Here are some examples of products that contain plant physterols, as well as their quantity:
- Becel ProActiv margarine: 0.75 g for 2 tbsp. teaspoon (10 ml)
- Danacol (drinkable yogurt): 1 g per bottle
- Oasis CholestPrevent Health Break Juice: 1 g per 250 ml (1 cup)
- Astro Bio Best probiotic yogurt: 1 g per 100 g container (1 jar)
But before advising you to drink more juice to lower your cholesterol level, I suggest that you increase your consumption of foods naturally rich in phytosterols and fill the gap with these functional foods if you have one or more risk factors. cardiovascular disease. Note that most of these foods are high in fat, so eat small amounts and combine them with a source of carbohydrate if you want to consume some during a night out.
The main sources of phytosterols can be found naturally in foods of plant origin such as oils, nuts and seeds.
The best natural sources of phytosterols
- Dehydrated sesame seeds
- Corn oil
- Sesame oil
- Wheat germ oil
- Dry roasted pistachios
- Safflower oil
- Dehydrated sunflower seeds
- Dehydrated pine nuts
- Dry roasted cashews
- Linseed oil
- Unbleached almonds roasted in oil
- Macadamia nuts
- Hazelnuts, filberts, unbleached, dry roasted
- Roasted pecans in oil
- Soybean oil
- California Orange
- Olive oil
- Nut oil
- Boiled asparagus
- Dehydrated walnuts
Other tips to improve your lipid profile
Several nutrients offer protection against atherosclerosis, for example: soluble fiber, soy protein and some fats. In addition, a diet rich in fruits and vegetables provides additional protection. To increase your intake of nutrients that protect you against atherosclerosis, you can, among other things:
- Use olive or canola oil for cooking.
- Use oils from other nuts and seeds (e.g. linseed, safflower, sesame, soybean oil) to mix into your dressings.
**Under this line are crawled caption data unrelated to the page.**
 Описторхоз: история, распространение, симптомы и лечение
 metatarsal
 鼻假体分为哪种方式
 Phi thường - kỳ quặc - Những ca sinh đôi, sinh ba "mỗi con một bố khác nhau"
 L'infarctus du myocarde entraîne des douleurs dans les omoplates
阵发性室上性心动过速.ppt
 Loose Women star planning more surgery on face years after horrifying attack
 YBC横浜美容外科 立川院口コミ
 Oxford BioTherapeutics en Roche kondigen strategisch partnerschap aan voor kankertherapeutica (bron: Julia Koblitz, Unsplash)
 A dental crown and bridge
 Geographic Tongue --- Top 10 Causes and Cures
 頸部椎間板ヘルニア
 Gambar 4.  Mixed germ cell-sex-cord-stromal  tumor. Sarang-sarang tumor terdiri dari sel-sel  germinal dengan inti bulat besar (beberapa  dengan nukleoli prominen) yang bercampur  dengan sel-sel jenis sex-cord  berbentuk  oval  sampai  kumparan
- Add nuts, almonds and seeds to your snacks or in your breads, muffins, cakes and in your salads or Asian dishes, for example.
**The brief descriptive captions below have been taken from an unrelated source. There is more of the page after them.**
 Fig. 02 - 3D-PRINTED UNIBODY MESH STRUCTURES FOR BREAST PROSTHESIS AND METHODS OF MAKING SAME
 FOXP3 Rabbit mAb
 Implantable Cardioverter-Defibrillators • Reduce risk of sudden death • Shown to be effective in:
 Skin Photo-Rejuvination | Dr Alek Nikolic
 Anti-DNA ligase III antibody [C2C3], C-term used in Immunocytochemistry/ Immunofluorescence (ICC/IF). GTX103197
- As often as possible, eat meat substitutes such as legumes, tofu, soy protein and fatty fish.
- Consume oatmeal and other oatmeal cereals more often for their soluble fiber.
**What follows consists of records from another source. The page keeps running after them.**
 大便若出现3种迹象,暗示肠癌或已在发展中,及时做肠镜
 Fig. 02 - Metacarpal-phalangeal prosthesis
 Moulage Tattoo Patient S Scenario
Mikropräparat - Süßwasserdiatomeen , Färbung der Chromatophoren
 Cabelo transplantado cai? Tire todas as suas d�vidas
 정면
- Substitute refined rice or pasta with quinoa and other whole grains.
- Eat more fruits like apples, grapes and citrus fruits.
- Practical recipes for hiking
Even on the trails, it is possible to choose snacks rich in phytosterols! It’s just a matter of finding recipes that include the main sources of this nutrient, as shown in the table above. So go on an adventure with these practical snacks:
Question / answer
If I have high cholesterol, should I take a phytosterol supplement?
First of all, it’s important to talk to your nutritionist and doctor about all kinds of supplements that you might be tempted to take, whatever they are. Some supplements can interact with medications and thus change their effect or cause side effects. Due to the limited choice of products fortified with phytosterols currently and the low intake from food, some people may benefit from a supplement.
However, these supplements can make medicines more effective, so the dose of the medicine sometimes needs to be adjusted. Some side effects have also been reported: Phytosterol supplements can reduce the level of carotenoids (antioxidants) in the blood. It is therefore recommended to increase your consumption of fruits and vegetables each day to curb this problem (make sure you eat regularly citrus fruits, carrots, sweet potatoes, squash). Occasionally, supplements can also cause mild gastrointestinal upset, such as constipation, diarrhea or cramps. And finally, if you decide to take a supplement with your doctor’s consent, make sure it is esterified, the dose is adequate (3g maximum), and that you take it with a meal.